=== WORK ORDER ===
Please output the listing exactly as it stands, but omit any images.

[MATERIAL PROVIDED — start]

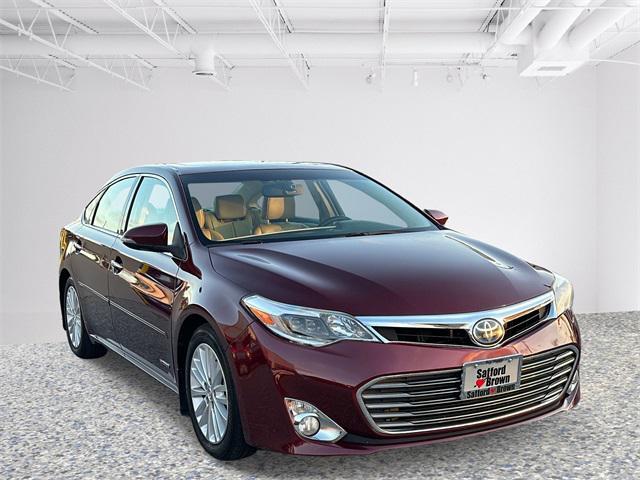 used 2015 Toyota Avalon Hybrid car, priced at $13,811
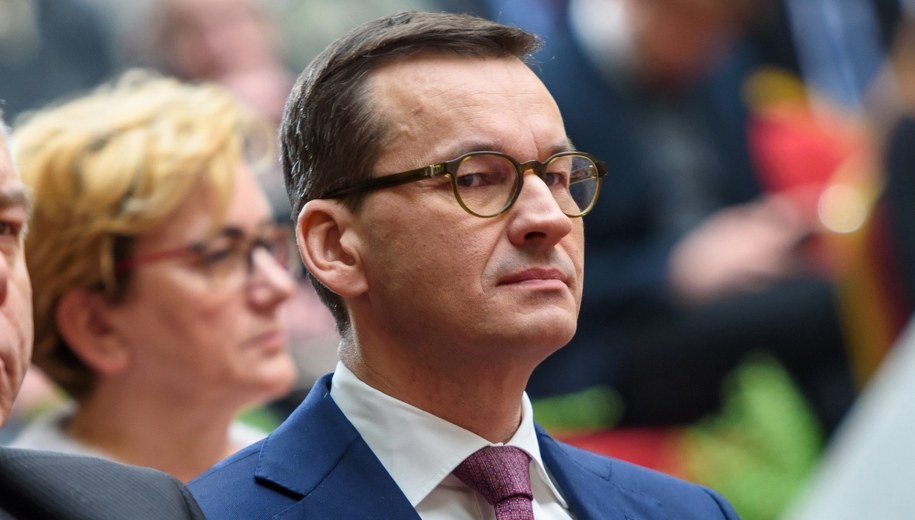 Mateusz Morawiecki /	Paweł Topolski /PAP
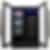 Silhouette Built-in 24 inch 5.14 cu.ft. Dual Zone Beverage Centre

[MATERIAL PROVIDED — finish]

=== YOUR SOLUTION ===
 used 2015 Toyota Avalon Hybrid car, priced at $13,811
 Mateusz Morawiecki /	Paweł Topolski /PAP
 Silhouette Built-in 24 inch 5.14 cu.ft. Dual Zone Beverage Centre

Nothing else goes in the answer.